The API could even be a more modern pointer+length interface rather than null termination, to sidestep that class of mistakes/exploits (CWE-170).
https://www.daviddeley.com/autohotkey/parameters/parameters.... is a great read on how fragmented this all seems to be.
> Spaces embedded in strings may cause unexpected behavior; for example, passing _exec the string "hi there" will result in the new process getting two arguments, "hi" and "there".
https://learn.microsoft.com/en-us/cpp/c-runtime-library/exec...
Oh yeah, pass those arguments as a list, then we'll completely ignore that and fuck your shit up. Err, I mean you need to quote them! Even though they are passed as separate arguments.
I fail to see how this would help. If i understand correctly, the issue is how cmd.exe interprets the args, not how the args get to it.
- Create `CreateProcessArgv`, a version of `CreateProcess` that takes `argv` rather than `lpCommandLine` (like `execv*`)

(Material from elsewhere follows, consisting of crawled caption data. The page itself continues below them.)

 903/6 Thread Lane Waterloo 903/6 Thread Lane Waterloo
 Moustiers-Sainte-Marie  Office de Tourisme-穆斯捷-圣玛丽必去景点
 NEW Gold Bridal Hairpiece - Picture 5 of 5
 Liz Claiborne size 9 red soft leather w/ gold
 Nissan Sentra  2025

- Create `GetCommandLineArgv`, an alternative to `GetCommandLine` that returns an `argv`
- Create `ProcessCreatedWithArgv` so a program can prefer either `GetCommandLine` or `GetCommandLineArgv` (for compatibility with those that have their own quoting, such as cmd)
Then child processes can use `GetCommandLineArgv` with no overhead if the parent invoked with `CreateProcessArgv`, otherwise `CreateProcess` and `GetCommandLine` will continue to work with no overhead. There would be a compatibility layer in the kernel to either split `lpCommandLine` or quote `argv` for `CreateProcess`+`GetCommandLineArgv` or `CreateProcessArgv`+`GetCommandLine` combinations. Probably need a way to opt out of taking `lpCmdLine` in `WinMain`.

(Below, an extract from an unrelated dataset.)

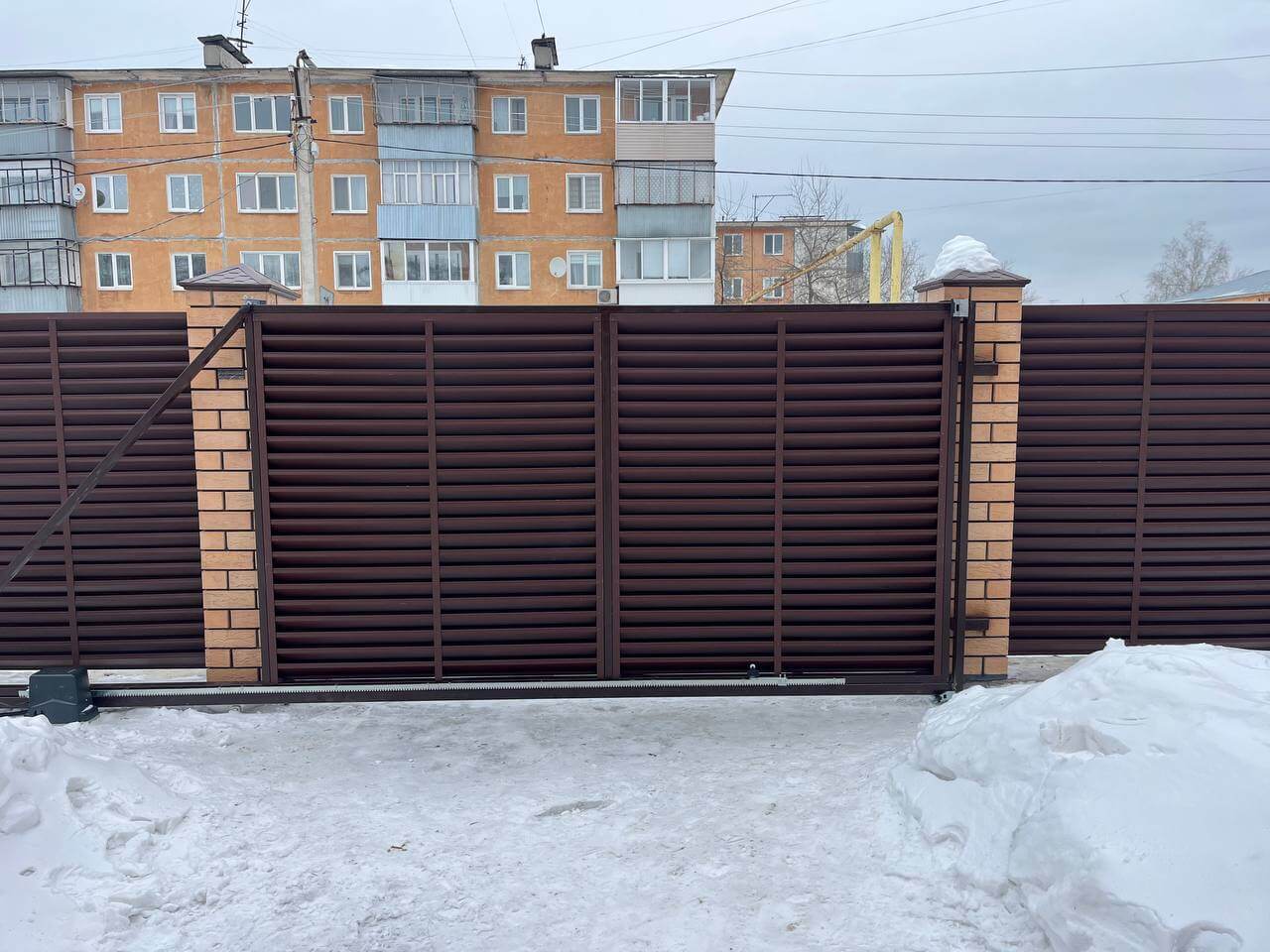 Забор-жалюзи из ламелей ЭКО-Z 87м RAL8017/8017 Шоколад двусторонний МАТТЕ фото 10 в Калуге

Seems not-impossible, but also a bit of a pipe dream...
This "usual escaping mechanism" is a bit of a weasel word. Windows passes a single null-terminated character string to a process. Every application run-time must parse that into arguments itself.

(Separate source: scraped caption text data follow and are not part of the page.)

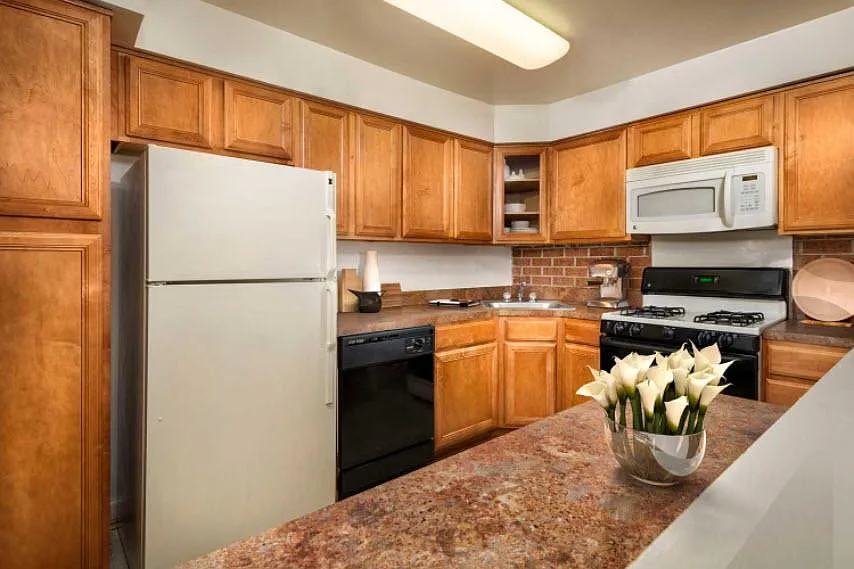Village Square West Apartments — Photo 4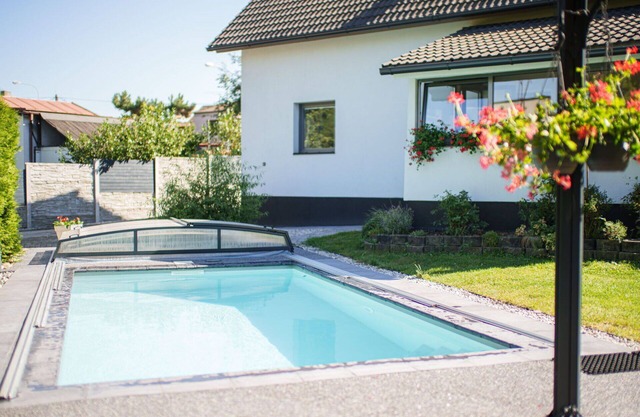 Maravillosa casa de vacaciones privada para 8 personas con WIFI, piscina privada, TV y patio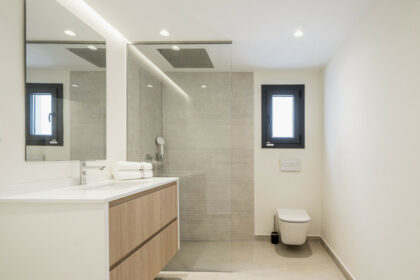 560da7ed4d513b08a11413ddffe5c6f2 - 19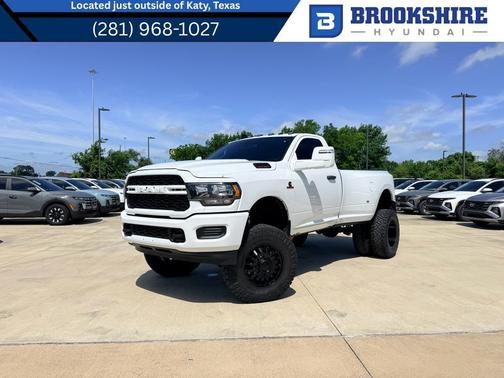 Bright White Clearcoat 2023 RAM 3500 Tradesman Regular Cab 4x4 8' Box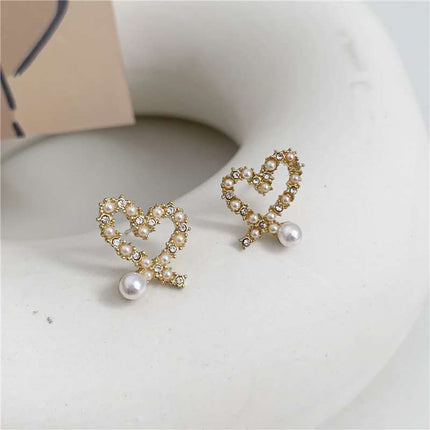 Irregular Hollow Heart Pearl Earrings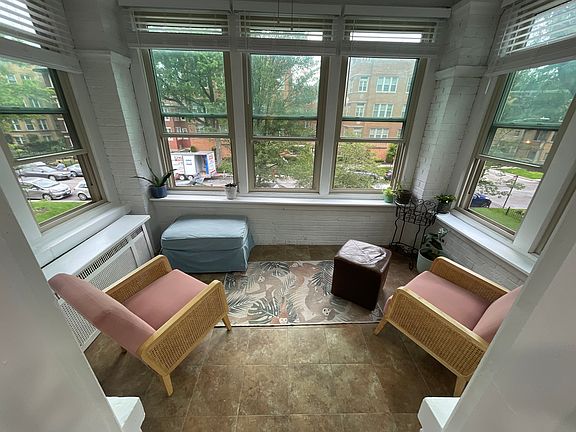 5th image of 1403 W Jarvis Ave #3
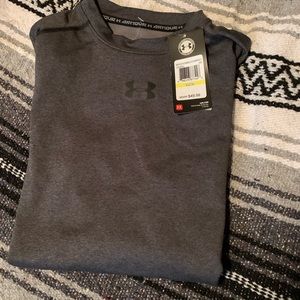 Men’s Under Armour long sleeve shirt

I think what "usual escaping mechanism" refers to is the algorithm implemented in the Microsoft Visual C Run Time which takes the command line string and produces a char *argv[] for the main function.
There is no telling what uses that exact algorithm and what doesn't. Programs built with Microsoft languages probably do; obviously VC and VC++.
https://learn.microsoft.com/en-us/windows/win32/api/shellapi...
https://learn.microsoft.com/en-us/cpp/cpp/main-function-comm...
Also, here is another implementation of this algorithm in C#, used in .NET:
https://github.com/dotnet/runtime/blob/main/src/libraries/Sy...
On Linux the parsing is done on the caller's side of the interface, so the caller knows what quoting rules to apply – could be Python's rules if they're using Python to construct the argument array, bash's rules if they're using bash, etc.
On Windows, the parsing is done on the receiver's side of the interface, so the caller can't know how it's supposed to be quoted unless they have special knowledge of a specific receiver and its parsing rules.
I could see how allowing the user to whitelist individual scripts would make sense, but as far as I can tell that's not how it works? A blanket policy of "all scripts are forbidden unless wrapped with fragile and shady-looking hacks" doesn't seem particularly useful.
But I guess here we have some of the underlying problem.
If something just executes whatever you throw at it, people complain.
If something doesn't just execute whatever your throw it, people complain as well. ;)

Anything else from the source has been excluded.